Twitter's programmers speed Hadoop development

Cascading simplifies Twitter's MapReduce operations in Scala, Clojure, and Jython

Twitter's hundreds of millions of users share the latest news, ideas, and opinions with each other in real time, making it one of the Web's most popular communication platforms. All that activity renders Twitter a gold mine of metadata -- and has turned Twitter analytics team into a major Hadoop shop that analyzes petabytes of data from in excess of 175 million daily tweets, ad campaigns, and more. The goal of all this analysis is to improve Twitter service for both end-users and advertisers.

With Hadoop, developers define MapReduce jobs that allow a narrowly prescribed task -- typically an analytic task -- to be crunched for immense sets of data across a set of servers. A big challenge for Twitter was that, by default, programming for MapReduce requires special skills beyond Java chops. Developers need to rethink the way they code -- a common criticism of Hadoop.
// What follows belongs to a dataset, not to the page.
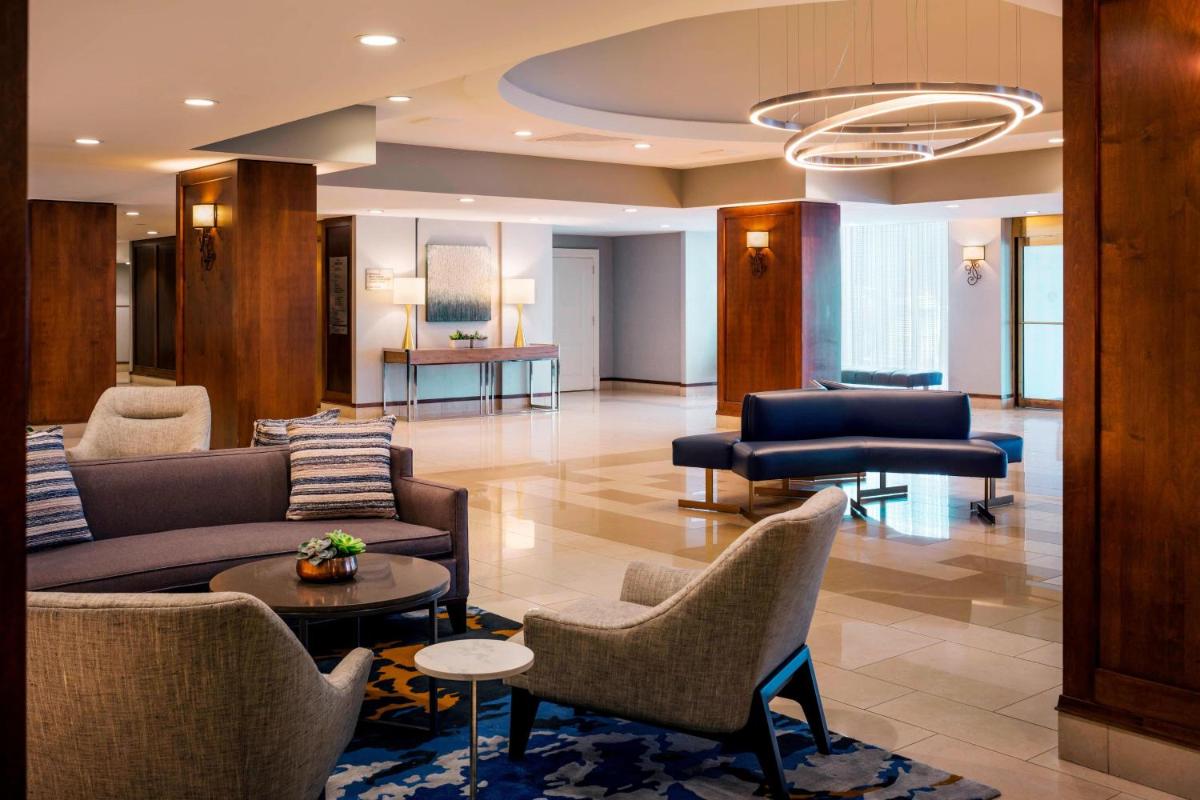 Boston Marriott Newton - Housity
Furthermore, the Twitter teams needed to be able to perform complex computations, machine learning, and linear algebra, none of which are necessarily intuitive to write in MapReduce for an average developer.

Taming Hadoop

Requiring sophisticated statistical functions for any of their developers to easily implement, Twitter turned to Current's Cascading framework, specifically designed with the creation of big data applications in mind.

Cascading provides a higher level of abstraction for Hadoop, allowing developers to create complex jobs quickly, easily, and in several different languages that run in the JVM, including Ruby, Scala, and more. In effect, this has shattered the skills barrier, enabling Twitter to use Hadoop more broadly.

Today, Cascading enables Twitter developers to create complex data processing workflows in their favorite programming languages while easily scaling to handle petabytes of data. Twitter has signed a contributor agreement with Concurrent so that Twitter's open source contributions are easily applied to the Cascading project.

Three teams dive deep

Three Twitter teams are using Cascading in combination with programming languages: The revenue team uses Scala, the publisher analytics team uses Clojure, and the analytics team uses Jython.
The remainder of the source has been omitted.